WHAT THE EXERCISE ASKS: Beginning at the line that contains "Students playing football", reproduce the entries below exactly, ending with the line that contains "Picture of Carolines". Omit each picture.

SOURCE MATERIAL:
● ● ● ●

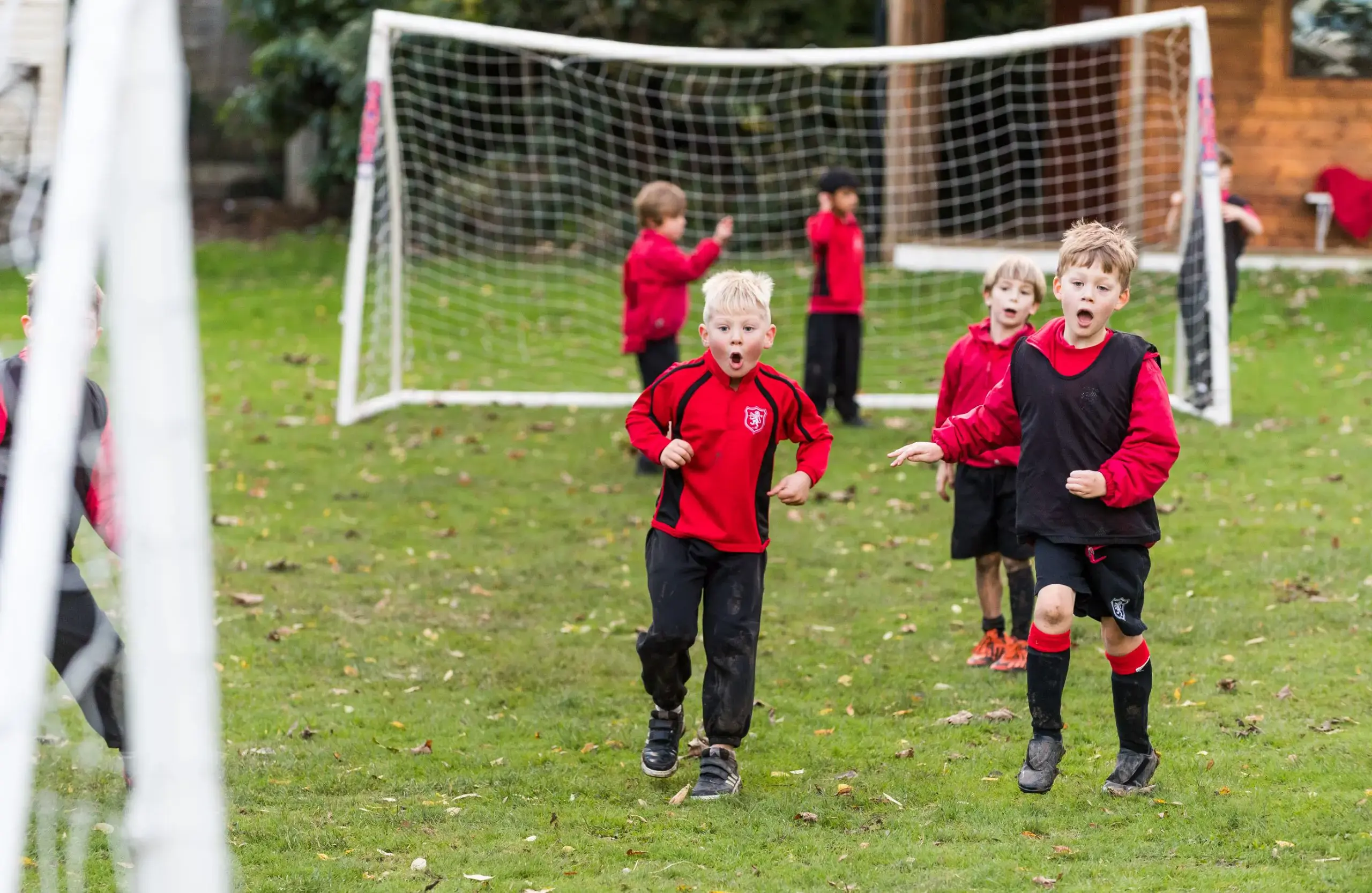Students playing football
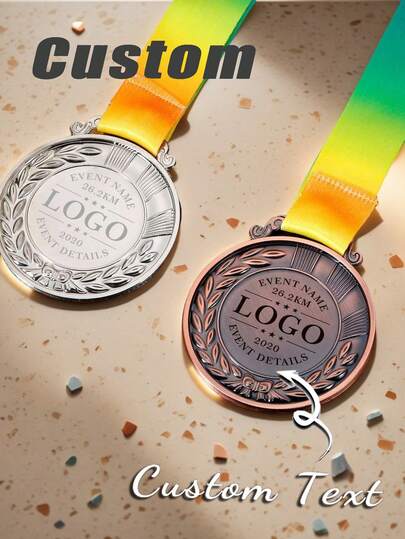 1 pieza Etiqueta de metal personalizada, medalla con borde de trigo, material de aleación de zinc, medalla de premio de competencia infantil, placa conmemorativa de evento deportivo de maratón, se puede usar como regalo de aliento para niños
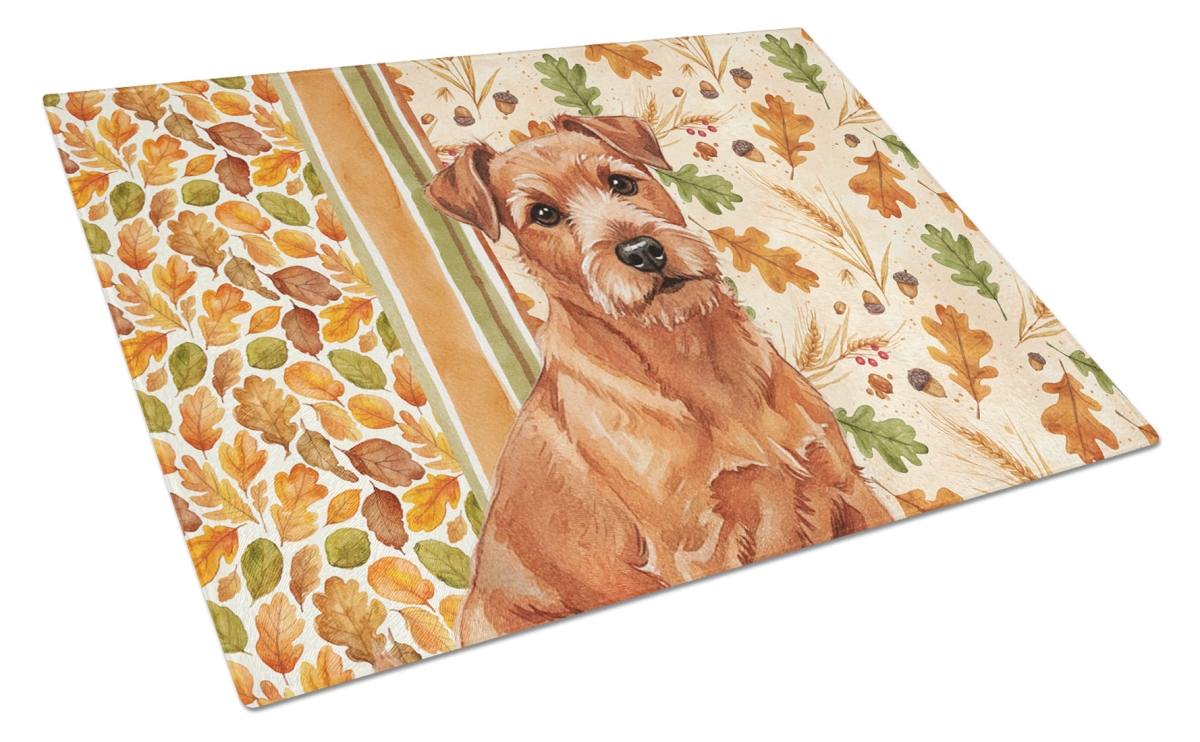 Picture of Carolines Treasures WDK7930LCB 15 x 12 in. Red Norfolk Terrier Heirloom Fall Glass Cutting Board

● ● ● ●

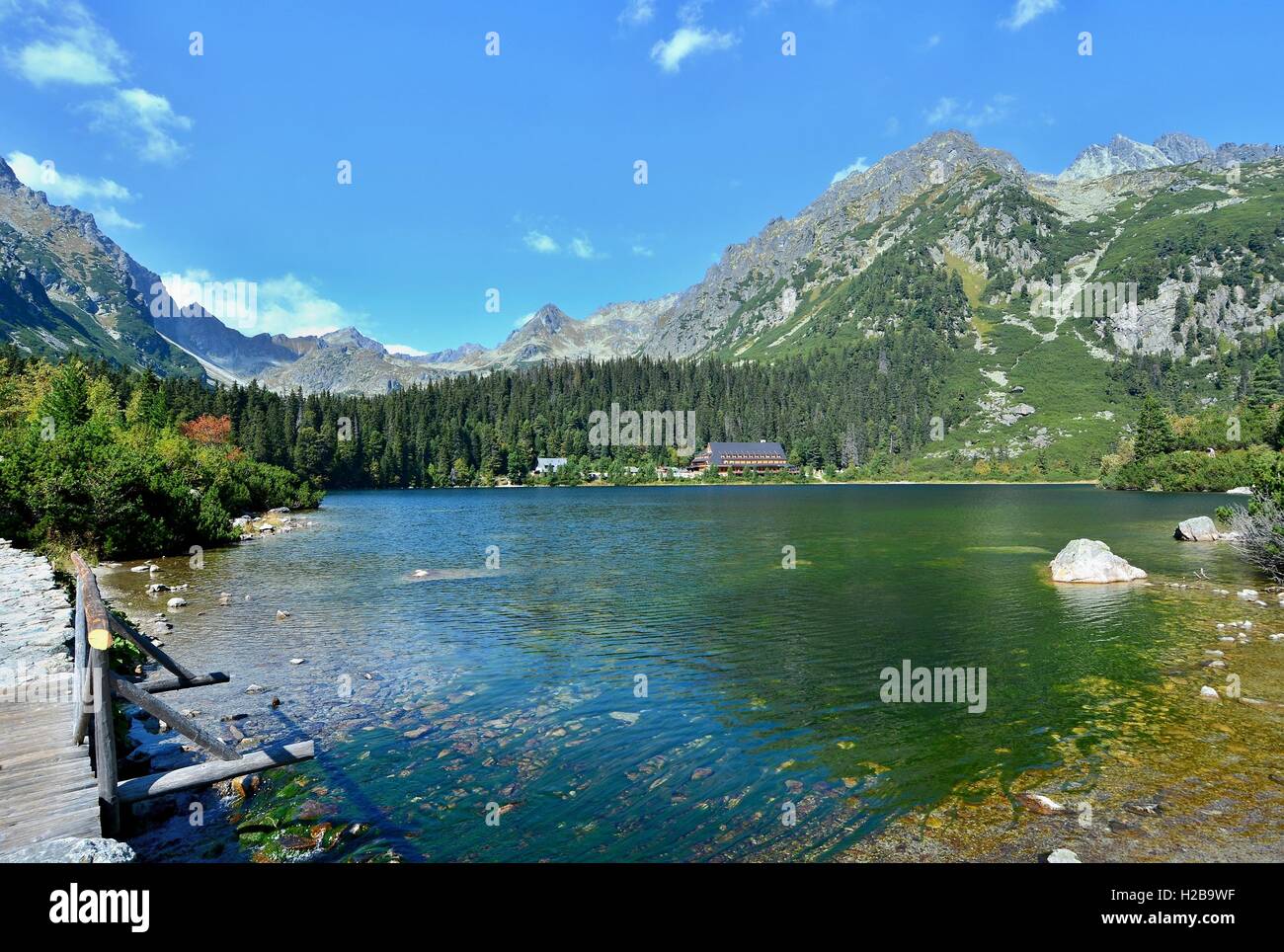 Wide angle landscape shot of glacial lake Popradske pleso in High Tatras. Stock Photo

● ● ● ●

REPLY TO THE EXERCISE:
Students playing football
 1 pieza Etiqueta de metal personalizada, medalla con borde de trigo, material de aleación de zinc, medalla de premio de competencia infantil, placa conmemorativa de evento deportivo de maratón, se puede usar como regalo de aliento para niños
 Picture of Carolines Treasures WDK7930LCB 15 x 12 in. Red Norfolk Terrier Heirloom Fall Glass Cutting Board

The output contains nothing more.